Big Idea: Nurses must be courageous in the profession. Giving bad news, caring for angry patients, and asking tough questions of other colleagues and professionals requires courage. Yet, nurses often know the “right” things to do but don’t do them. That action – as a direct result of an organizational system – is defined as moral distress.
Survey Says!: Moral distress is quite common in nurses and the nursing profession. Often systems – whether knowingly or unknowingly – keep nurses from doing what they know is right. This article explores moral distress and moral courage among nurses in several situations in the UK and Ireland. Interestingly, nurses with higher levels of education and more experience have higher levels of moral distress. Strong coping strategies and peer support decrease moral distress and increase moral courage.
Quotable: I apologize I do not have page numbers for the following quotations as I printed the article in plain text rather than PDF format.

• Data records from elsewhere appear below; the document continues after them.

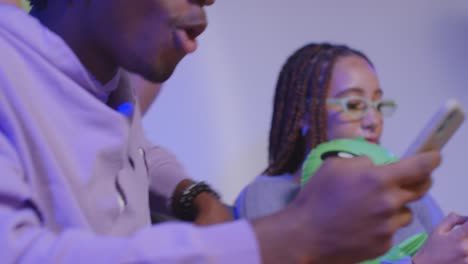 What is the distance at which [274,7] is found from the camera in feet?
5.11

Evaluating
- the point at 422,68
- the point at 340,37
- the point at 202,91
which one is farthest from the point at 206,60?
the point at 422,68

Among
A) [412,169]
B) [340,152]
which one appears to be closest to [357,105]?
[340,152]

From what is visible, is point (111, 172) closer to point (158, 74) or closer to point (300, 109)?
point (158, 74)

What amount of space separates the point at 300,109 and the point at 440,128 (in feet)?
2.53

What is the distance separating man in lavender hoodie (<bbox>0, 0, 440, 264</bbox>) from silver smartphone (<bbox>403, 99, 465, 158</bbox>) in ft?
0.10

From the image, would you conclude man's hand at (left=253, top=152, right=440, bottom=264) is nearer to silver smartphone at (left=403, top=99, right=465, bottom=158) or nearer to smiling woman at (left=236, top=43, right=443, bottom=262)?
silver smartphone at (left=403, top=99, right=465, bottom=158)

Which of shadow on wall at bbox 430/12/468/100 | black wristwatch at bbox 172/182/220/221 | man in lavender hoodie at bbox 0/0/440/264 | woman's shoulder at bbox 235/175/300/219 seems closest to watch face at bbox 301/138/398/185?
woman's shoulder at bbox 235/175/300/219

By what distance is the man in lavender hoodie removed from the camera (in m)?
0.33

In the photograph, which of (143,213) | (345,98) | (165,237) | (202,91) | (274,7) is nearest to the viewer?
(165,237)

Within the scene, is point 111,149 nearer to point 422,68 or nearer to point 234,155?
point 234,155

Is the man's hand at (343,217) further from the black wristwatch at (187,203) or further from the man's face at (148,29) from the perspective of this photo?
the black wristwatch at (187,203)

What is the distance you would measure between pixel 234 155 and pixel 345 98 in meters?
0.41

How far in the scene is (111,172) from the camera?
20.2 inches

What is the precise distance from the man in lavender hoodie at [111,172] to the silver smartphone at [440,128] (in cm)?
3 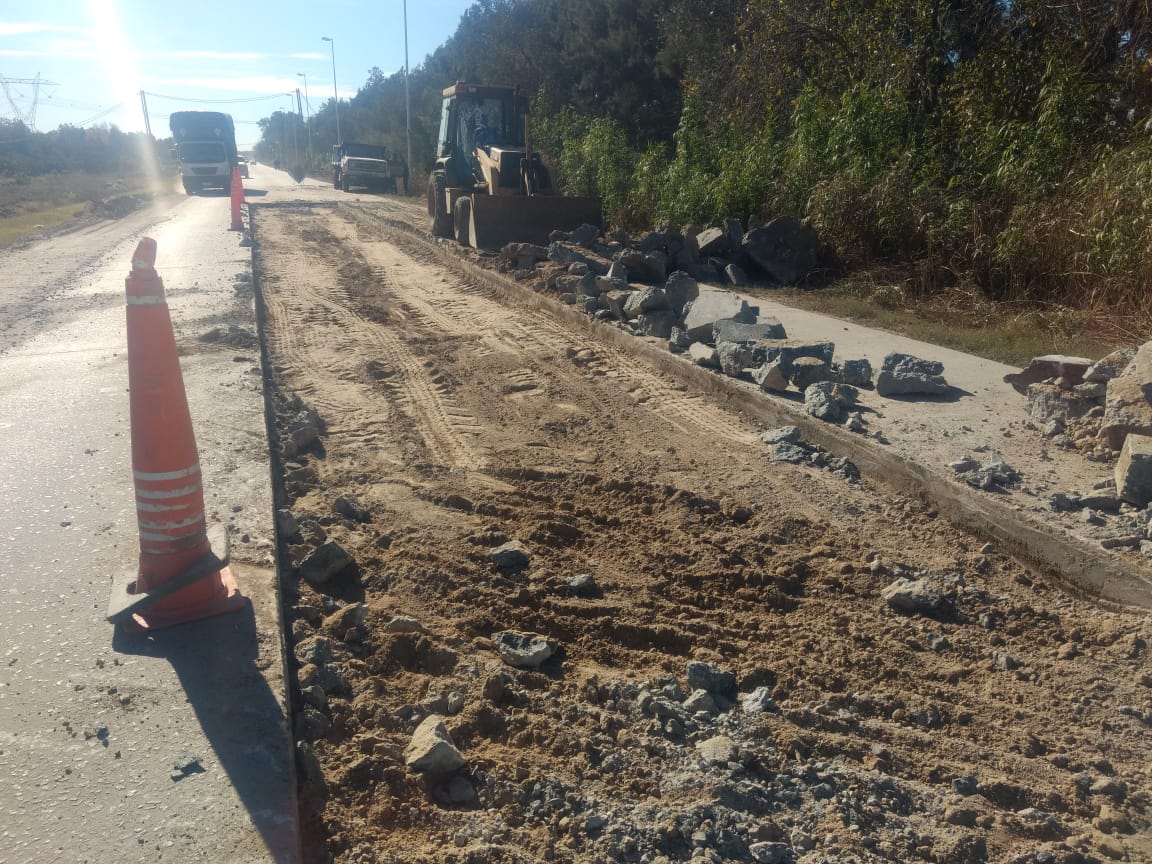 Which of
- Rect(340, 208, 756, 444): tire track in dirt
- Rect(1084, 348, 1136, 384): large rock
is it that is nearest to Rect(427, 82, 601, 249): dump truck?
Rect(340, 208, 756, 444): tire track in dirt

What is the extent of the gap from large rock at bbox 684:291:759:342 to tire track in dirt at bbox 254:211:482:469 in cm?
250

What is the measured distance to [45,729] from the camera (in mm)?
2684

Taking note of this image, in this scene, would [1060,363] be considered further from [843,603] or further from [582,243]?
[582,243]

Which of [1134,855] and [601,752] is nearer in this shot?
[1134,855]

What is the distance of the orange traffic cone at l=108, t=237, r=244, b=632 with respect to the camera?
10.4 feet

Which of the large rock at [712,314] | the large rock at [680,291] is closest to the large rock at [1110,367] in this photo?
the large rock at [712,314]

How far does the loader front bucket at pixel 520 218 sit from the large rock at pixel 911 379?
9.48 meters

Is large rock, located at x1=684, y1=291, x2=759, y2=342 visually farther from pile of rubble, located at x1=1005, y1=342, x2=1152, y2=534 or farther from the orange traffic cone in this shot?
the orange traffic cone

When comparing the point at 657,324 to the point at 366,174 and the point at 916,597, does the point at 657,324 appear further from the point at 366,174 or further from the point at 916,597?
the point at 366,174

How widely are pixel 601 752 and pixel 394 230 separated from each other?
18.1 meters

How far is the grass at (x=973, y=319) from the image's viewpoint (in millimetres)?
7789

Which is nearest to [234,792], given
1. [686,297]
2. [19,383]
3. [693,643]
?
[693,643]

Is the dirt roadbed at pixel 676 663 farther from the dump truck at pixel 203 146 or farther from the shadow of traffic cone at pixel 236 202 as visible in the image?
the dump truck at pixel 203 146

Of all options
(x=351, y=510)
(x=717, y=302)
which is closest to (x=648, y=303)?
(x=717, y=302) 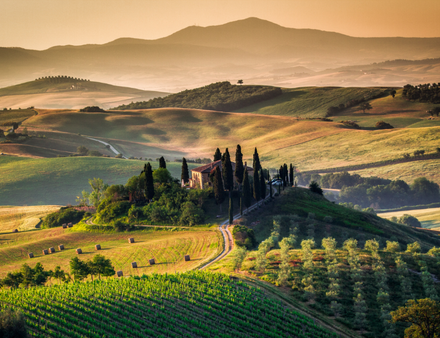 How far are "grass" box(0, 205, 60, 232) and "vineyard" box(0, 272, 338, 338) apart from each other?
46.8 metres

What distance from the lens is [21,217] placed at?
291 ft

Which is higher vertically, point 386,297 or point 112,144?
point 112,144

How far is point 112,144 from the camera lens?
192 metres

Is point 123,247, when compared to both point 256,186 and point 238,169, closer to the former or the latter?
point 256,186

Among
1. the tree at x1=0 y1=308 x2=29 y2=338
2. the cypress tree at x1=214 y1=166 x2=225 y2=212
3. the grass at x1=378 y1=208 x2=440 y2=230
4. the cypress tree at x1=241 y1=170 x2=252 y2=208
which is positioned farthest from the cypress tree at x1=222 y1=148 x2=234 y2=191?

“…moral distress arises when one knows the right thing to do, but institutional constraints make it nearly impossible to pursue the right course of action.”
“Additionally moral distress has been found to affect the health of nurses and their provisions of care, job satisfaction, and retention. Nurses who experience moral distress have reported physical symptoms, such as headache, neck pain, and stomach problems. Psychological and emotional symptoms include anger, guilt, depression, frustration, and feelings of reduced self-worth. They may also withdraw from family and friends (Schluter et al., 2008).”
“Aristotle has explained that courage is developed by habituation. This means that nurses and others become courageous by doing courageous things, by getting into the habit of acting courageously. However, courage is also a reflective activity requiring self-scrutiny and learning from the feedback and role modeling of others.”
So What?: Moral distress is very real within our profession. Nurses and nursing leaders can make a difference by role modeling courage in everyday practice, supporting moral courage, and working to deconstruct the systems perpetuating moral distress.